■ Your assignment
Look below for the line with "KIT Casal 2". Retype it and every line after it to the end, exactly, but leave out the pictures.

■ Available data
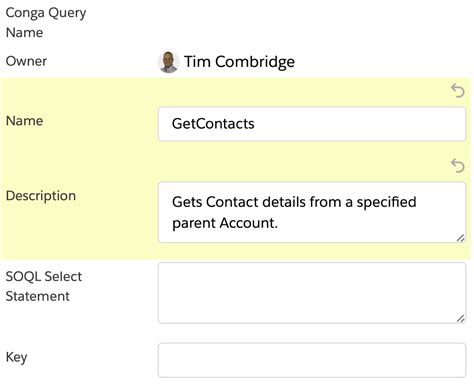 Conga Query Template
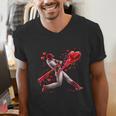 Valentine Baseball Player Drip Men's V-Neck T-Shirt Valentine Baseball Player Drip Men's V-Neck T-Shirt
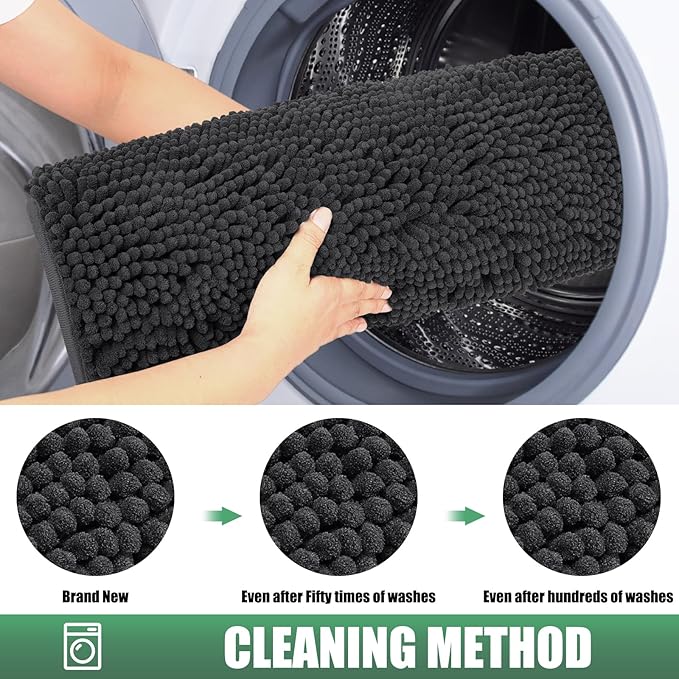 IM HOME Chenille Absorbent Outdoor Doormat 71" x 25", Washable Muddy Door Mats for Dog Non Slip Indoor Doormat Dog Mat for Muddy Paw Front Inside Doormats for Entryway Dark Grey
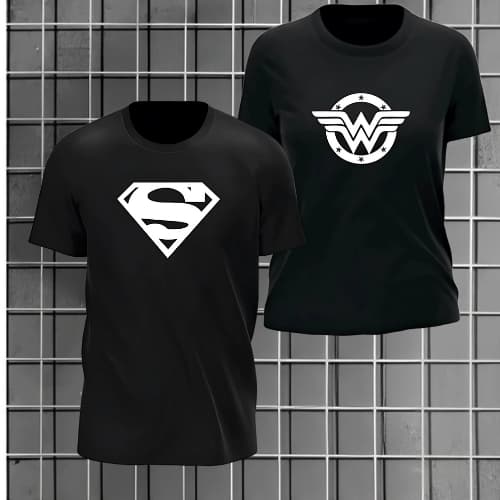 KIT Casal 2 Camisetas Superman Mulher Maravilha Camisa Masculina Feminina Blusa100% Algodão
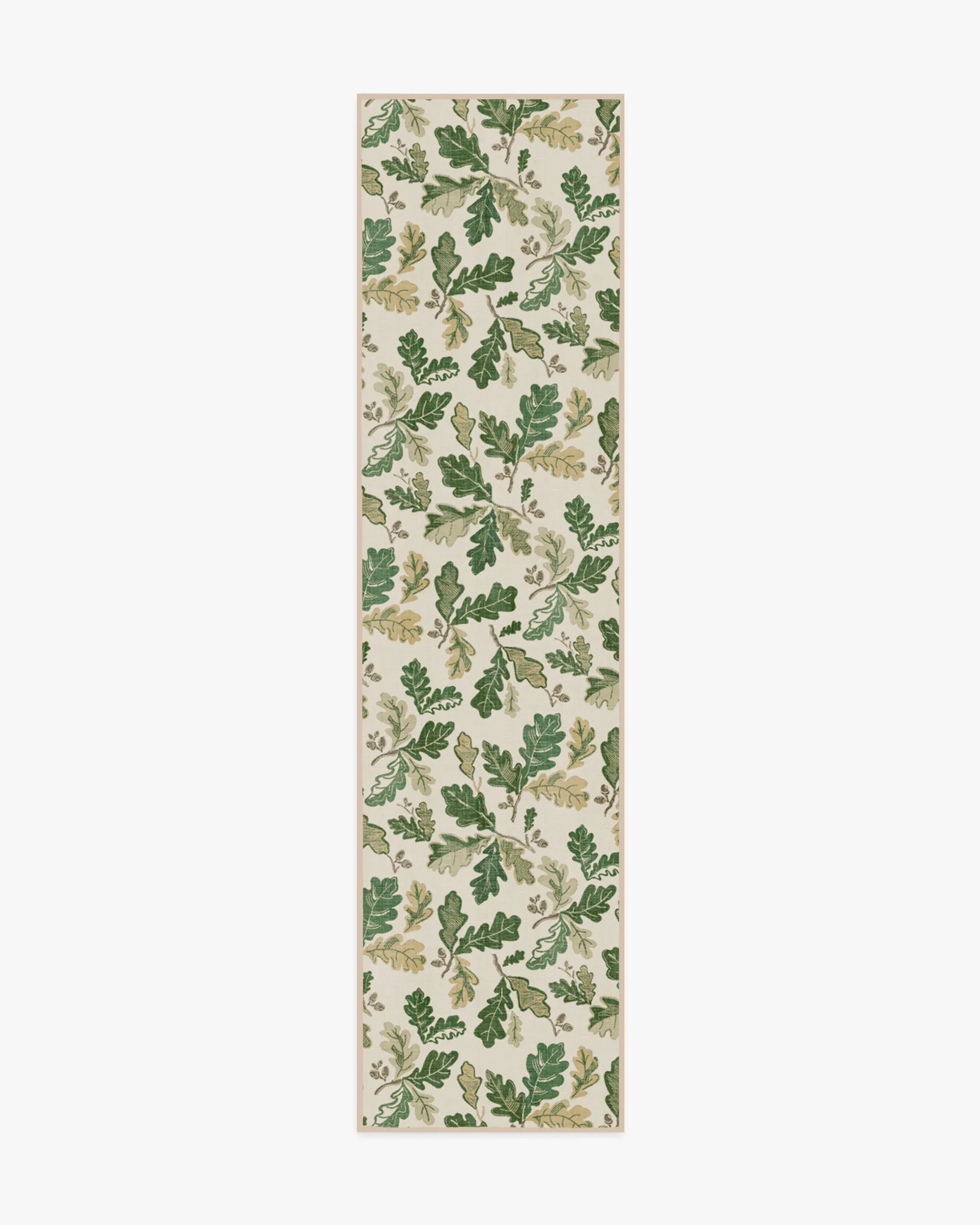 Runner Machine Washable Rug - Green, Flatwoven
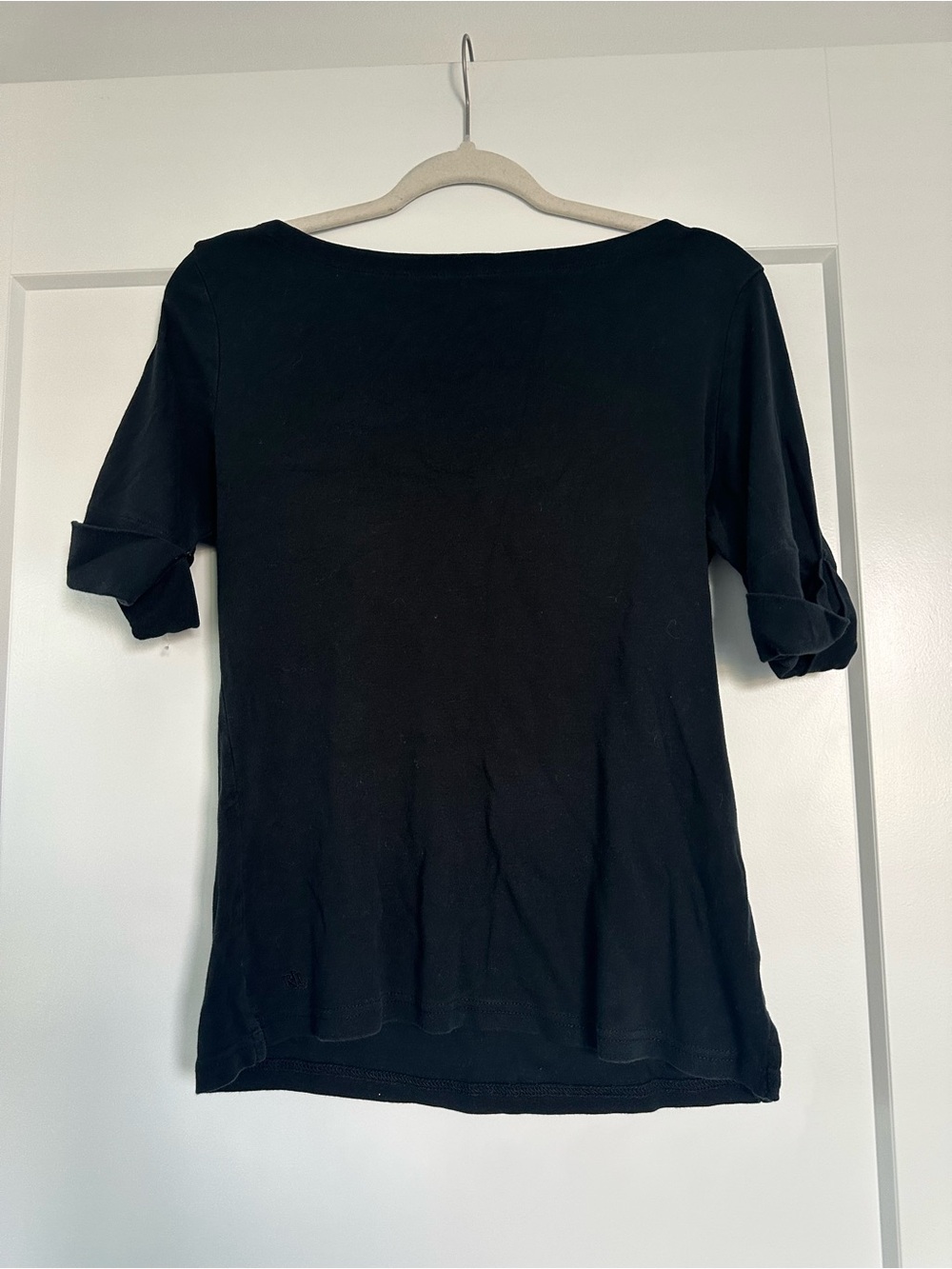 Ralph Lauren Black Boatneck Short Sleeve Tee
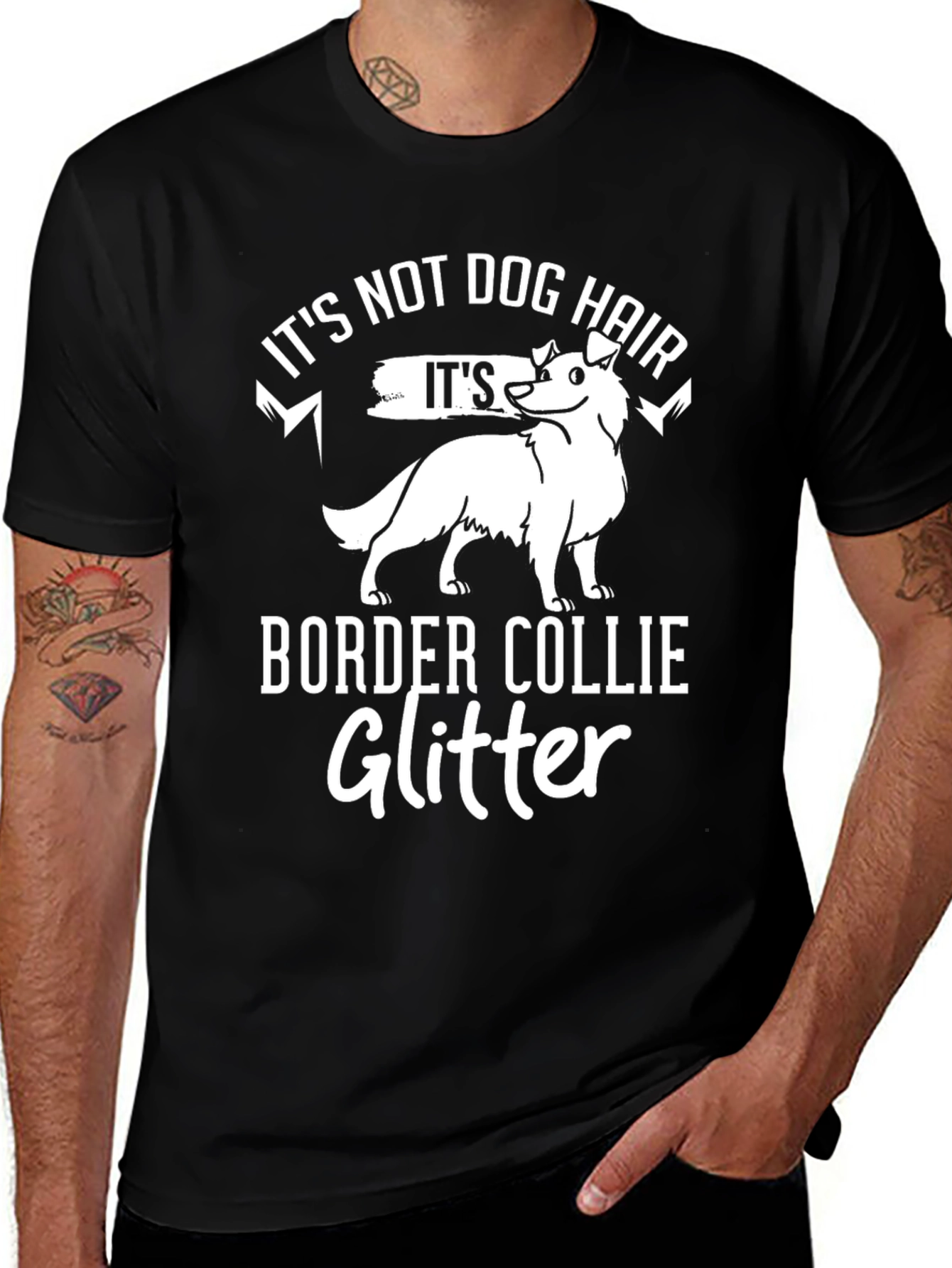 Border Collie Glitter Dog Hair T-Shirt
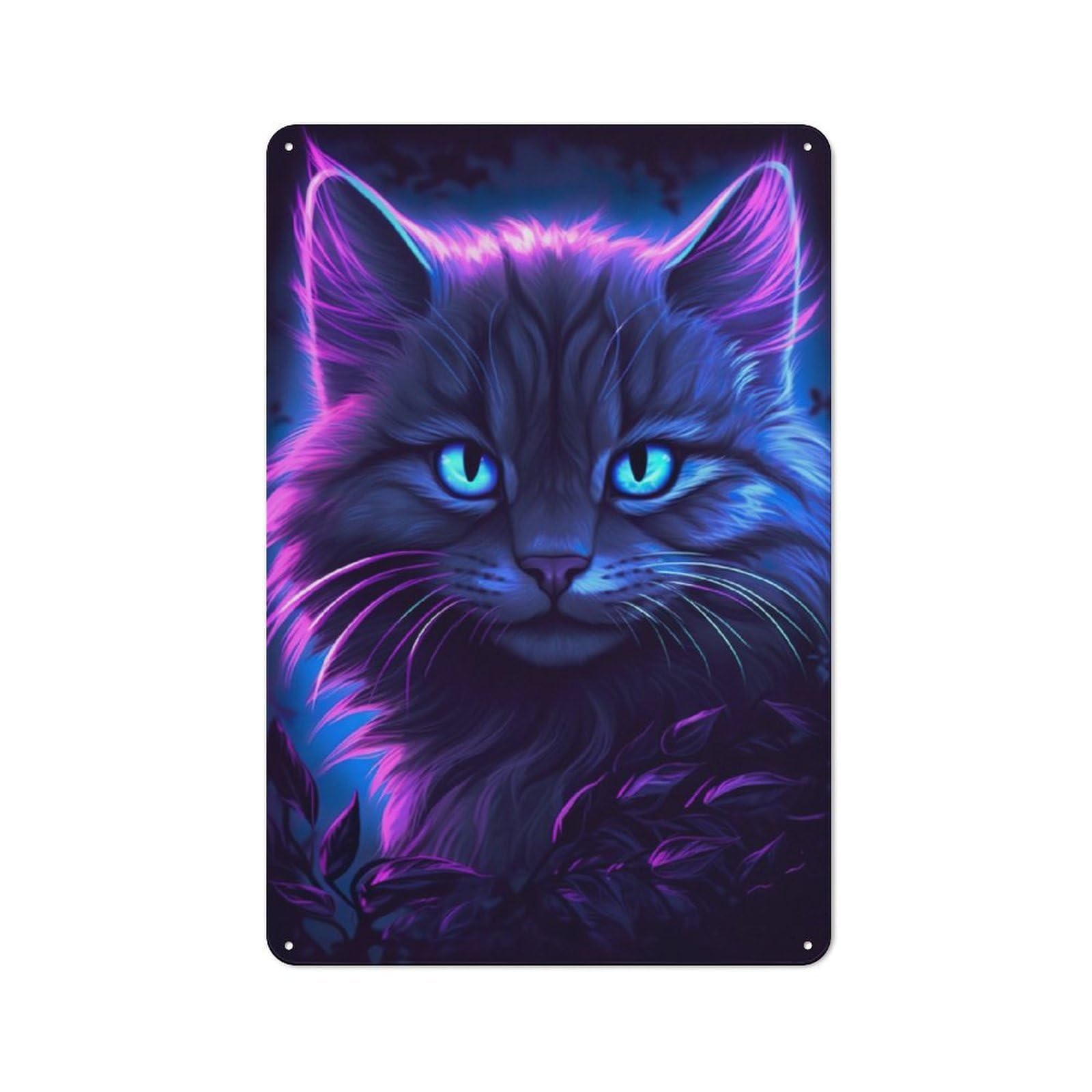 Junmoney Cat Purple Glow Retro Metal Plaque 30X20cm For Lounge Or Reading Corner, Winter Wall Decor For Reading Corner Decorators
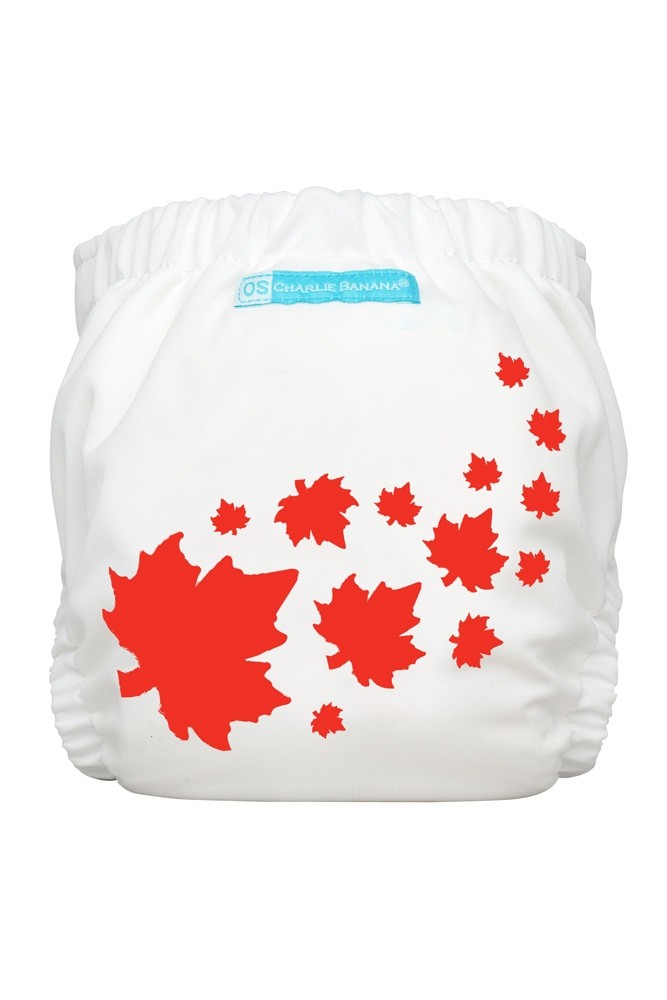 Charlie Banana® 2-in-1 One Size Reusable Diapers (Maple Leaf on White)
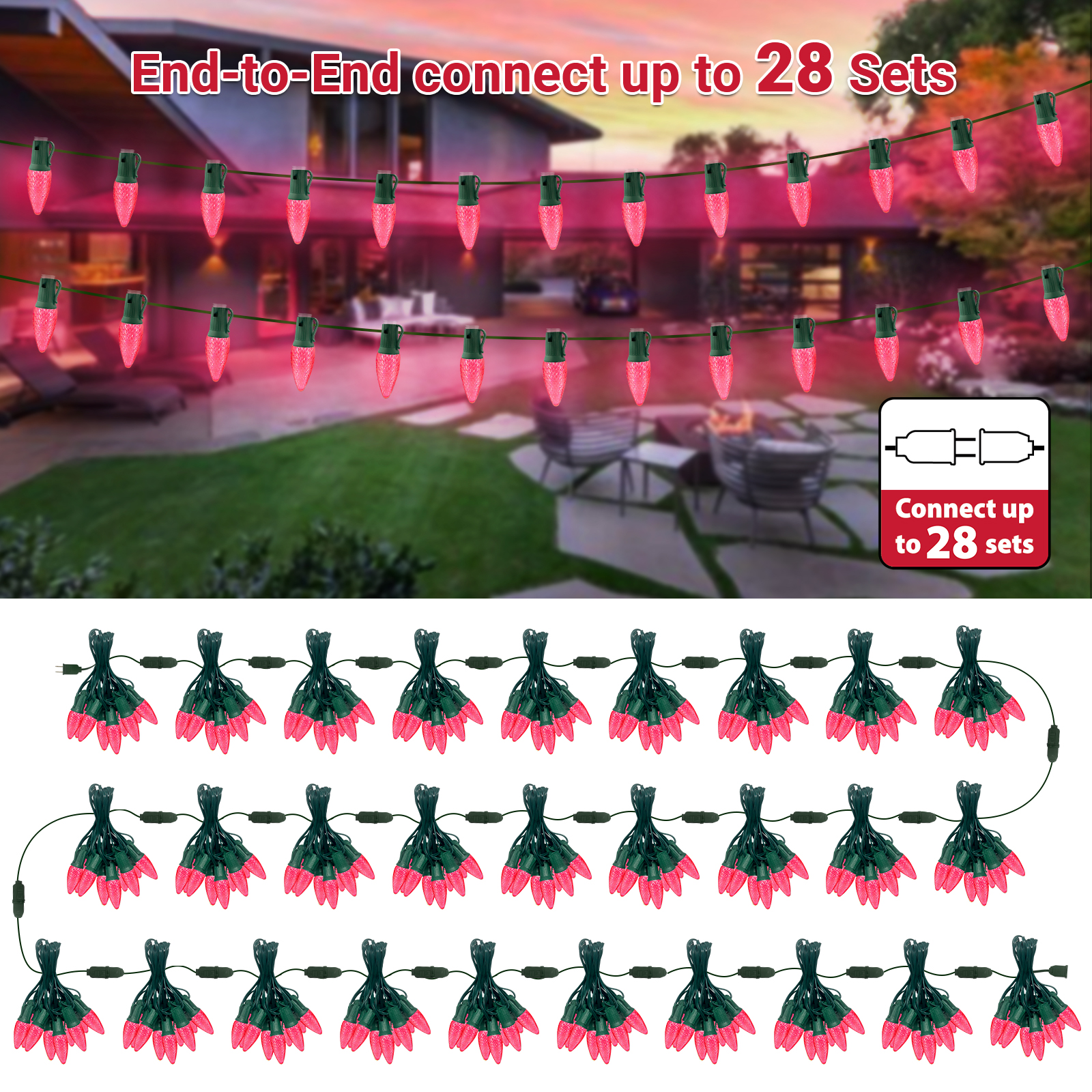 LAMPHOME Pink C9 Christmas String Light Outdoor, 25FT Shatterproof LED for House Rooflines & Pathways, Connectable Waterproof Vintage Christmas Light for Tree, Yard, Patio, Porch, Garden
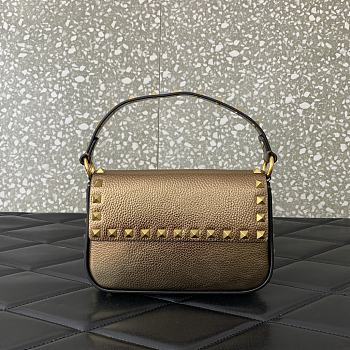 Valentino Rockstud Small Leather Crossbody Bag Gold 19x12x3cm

■ Answer to this task
 KIT Casal 2 Camisetas Superman Mulher Maravilha Camisa Masculina Feminina Blusa100% Algodão
 Runner Machine Washable Rug - Green, Flatwoven
 Ralph Lauren Black Boatneck Short Sleeve Tee
 Border Collie Glitter Dog Hair T-Shirt
 Junmoney Cat Purple Glow Retro Metal Plaque 30X20cm For Lounge Or Reading Corner, Winter Wall Decor For Reading Corner Decorators
 Charlie Banana® 2-in-1 One Size Reusable Diapers (Maple Leaf on White)
 LAMPHOME Pink C9 Christmas String Light Outdoor, 25FT Shatterproof LED for House Rooflines & Pathways, Connectable Waterproof Vintage Christmas Light for Tree, Yard, Patio, Porch, Garden
 Valentino Rockstud Small Leather Crossbody Bag Gold 19x12x3cm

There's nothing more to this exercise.